*** DATA FOR PROCESSING ***
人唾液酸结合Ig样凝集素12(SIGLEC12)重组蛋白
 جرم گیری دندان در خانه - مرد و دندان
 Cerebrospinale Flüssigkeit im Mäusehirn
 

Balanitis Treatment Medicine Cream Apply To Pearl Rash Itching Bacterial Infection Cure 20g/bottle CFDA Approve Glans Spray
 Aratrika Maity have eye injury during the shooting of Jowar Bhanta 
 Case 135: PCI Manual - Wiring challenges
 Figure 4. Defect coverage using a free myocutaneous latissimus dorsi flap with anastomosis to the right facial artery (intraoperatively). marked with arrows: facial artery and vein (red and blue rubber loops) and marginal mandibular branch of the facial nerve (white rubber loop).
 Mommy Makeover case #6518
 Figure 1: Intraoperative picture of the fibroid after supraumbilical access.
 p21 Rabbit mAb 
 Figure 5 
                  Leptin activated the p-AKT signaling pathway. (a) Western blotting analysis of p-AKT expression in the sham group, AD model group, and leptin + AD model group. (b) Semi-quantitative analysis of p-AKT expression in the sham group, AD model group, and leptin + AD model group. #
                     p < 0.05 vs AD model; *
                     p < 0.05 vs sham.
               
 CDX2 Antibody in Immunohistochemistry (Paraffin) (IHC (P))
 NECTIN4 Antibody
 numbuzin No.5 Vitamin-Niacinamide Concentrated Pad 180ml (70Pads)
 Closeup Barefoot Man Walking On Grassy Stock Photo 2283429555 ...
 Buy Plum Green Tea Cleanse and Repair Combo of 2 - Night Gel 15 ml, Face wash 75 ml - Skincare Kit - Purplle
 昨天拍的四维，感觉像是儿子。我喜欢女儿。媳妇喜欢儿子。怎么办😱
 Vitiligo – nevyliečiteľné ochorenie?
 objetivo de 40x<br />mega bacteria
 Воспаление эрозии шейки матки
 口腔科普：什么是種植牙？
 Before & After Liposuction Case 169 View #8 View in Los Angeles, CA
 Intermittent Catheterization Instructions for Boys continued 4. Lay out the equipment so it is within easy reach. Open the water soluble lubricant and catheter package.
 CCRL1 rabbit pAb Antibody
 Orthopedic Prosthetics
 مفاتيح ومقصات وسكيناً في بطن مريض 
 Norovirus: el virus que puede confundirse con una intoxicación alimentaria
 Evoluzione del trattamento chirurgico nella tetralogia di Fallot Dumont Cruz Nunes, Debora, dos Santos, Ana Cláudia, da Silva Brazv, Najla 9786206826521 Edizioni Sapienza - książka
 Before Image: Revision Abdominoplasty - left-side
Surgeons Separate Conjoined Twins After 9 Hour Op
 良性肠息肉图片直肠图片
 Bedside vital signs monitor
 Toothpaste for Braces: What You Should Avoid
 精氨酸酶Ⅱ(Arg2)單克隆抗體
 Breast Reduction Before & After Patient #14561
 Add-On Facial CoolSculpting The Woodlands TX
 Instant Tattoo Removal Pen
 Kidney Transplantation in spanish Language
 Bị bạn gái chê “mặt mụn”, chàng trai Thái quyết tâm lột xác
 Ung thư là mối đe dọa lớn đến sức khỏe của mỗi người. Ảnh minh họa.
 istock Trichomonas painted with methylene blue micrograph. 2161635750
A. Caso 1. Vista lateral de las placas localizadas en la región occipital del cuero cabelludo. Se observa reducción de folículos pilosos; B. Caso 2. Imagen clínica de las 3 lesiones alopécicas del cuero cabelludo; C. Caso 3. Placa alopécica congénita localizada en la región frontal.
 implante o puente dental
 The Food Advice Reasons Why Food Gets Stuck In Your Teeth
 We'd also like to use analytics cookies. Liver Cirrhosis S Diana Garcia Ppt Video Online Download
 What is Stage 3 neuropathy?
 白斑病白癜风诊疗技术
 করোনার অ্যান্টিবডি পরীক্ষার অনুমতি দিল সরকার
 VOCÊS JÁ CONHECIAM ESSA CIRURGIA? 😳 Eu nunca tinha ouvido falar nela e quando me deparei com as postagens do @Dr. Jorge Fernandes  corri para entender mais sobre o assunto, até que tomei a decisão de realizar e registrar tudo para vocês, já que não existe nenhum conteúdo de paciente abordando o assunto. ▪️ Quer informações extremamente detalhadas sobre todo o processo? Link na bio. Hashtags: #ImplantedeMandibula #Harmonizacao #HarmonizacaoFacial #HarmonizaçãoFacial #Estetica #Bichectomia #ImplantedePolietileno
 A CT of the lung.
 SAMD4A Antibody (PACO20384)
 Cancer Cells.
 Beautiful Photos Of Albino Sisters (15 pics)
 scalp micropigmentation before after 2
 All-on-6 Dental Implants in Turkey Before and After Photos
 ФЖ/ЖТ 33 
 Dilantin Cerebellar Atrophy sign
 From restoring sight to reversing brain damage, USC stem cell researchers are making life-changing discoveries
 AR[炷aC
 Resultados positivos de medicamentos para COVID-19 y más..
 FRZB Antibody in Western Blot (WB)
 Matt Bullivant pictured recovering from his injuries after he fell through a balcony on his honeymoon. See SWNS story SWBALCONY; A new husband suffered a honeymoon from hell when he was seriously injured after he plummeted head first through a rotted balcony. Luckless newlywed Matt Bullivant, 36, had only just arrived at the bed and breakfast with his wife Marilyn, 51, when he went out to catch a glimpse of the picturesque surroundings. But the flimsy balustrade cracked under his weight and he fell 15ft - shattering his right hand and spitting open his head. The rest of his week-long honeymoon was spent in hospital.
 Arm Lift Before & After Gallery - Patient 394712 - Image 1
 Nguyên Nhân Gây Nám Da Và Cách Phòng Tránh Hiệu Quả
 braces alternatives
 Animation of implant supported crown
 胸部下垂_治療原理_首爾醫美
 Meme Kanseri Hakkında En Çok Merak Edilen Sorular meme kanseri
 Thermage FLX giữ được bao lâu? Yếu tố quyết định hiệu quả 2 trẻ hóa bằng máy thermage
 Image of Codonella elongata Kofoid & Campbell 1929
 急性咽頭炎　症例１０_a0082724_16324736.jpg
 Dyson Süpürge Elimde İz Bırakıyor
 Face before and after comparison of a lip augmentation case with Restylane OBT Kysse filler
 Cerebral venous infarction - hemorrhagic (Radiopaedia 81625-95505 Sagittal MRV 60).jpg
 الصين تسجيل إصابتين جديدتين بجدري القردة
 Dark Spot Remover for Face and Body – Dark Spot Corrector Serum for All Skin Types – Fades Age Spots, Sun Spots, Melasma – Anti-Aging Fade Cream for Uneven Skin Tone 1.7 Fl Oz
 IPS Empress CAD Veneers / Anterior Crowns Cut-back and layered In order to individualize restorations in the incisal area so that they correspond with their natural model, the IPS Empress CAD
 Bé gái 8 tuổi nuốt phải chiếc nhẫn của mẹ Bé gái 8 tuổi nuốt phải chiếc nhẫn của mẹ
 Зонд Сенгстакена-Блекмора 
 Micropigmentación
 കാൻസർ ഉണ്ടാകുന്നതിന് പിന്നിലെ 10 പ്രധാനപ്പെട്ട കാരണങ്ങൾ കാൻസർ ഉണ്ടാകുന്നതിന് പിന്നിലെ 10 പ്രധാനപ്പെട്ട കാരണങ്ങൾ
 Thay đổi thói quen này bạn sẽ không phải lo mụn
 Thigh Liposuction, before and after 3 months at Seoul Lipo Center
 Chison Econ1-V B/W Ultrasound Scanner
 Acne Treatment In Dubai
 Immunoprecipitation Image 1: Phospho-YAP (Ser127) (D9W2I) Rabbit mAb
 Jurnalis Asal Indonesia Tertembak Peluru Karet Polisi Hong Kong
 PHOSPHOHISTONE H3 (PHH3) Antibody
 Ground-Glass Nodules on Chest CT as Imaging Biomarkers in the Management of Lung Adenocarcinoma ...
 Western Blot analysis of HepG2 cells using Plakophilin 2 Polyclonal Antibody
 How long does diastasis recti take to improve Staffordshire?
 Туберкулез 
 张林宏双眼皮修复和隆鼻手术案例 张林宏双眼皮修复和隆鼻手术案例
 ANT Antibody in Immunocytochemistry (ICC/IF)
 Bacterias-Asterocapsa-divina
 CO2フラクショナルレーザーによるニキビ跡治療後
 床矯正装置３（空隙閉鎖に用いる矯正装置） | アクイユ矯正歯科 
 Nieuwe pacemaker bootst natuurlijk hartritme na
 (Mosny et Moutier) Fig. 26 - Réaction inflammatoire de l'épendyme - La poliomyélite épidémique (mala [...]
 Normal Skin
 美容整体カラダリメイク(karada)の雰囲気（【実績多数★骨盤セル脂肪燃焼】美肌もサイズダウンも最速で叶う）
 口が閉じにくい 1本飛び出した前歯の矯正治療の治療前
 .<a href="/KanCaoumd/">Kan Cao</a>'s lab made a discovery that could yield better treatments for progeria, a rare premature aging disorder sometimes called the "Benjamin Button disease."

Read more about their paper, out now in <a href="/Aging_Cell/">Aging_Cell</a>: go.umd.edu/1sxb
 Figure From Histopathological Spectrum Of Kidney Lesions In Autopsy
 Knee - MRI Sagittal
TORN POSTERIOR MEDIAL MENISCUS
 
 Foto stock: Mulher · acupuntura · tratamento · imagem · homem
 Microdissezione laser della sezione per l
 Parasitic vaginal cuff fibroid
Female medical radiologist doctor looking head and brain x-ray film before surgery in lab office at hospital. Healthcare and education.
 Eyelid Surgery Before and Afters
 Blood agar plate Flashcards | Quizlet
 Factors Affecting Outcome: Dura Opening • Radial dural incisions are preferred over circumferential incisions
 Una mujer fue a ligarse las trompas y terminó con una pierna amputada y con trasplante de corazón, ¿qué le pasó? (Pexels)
*** End of DATA FOR PROCESSING ***
## YOUR TASK
Wherever the string "that" is found in the entries, copy the line it sits in.

## EXERCISE SOLUTION
 IPS Empress CAD Veneers / Anterior Crowns Cut-back and layered In order to individualize restorations in the incisal area so that they correspond with their natural model, the IPS Empress CAD
 .<a href="/KanCaoumd/">Kan Cao</a>'s lab made a discovery that could yield better treatments for progeria, a rare premature aging disorder sometimes called the "Benjamin Button disease."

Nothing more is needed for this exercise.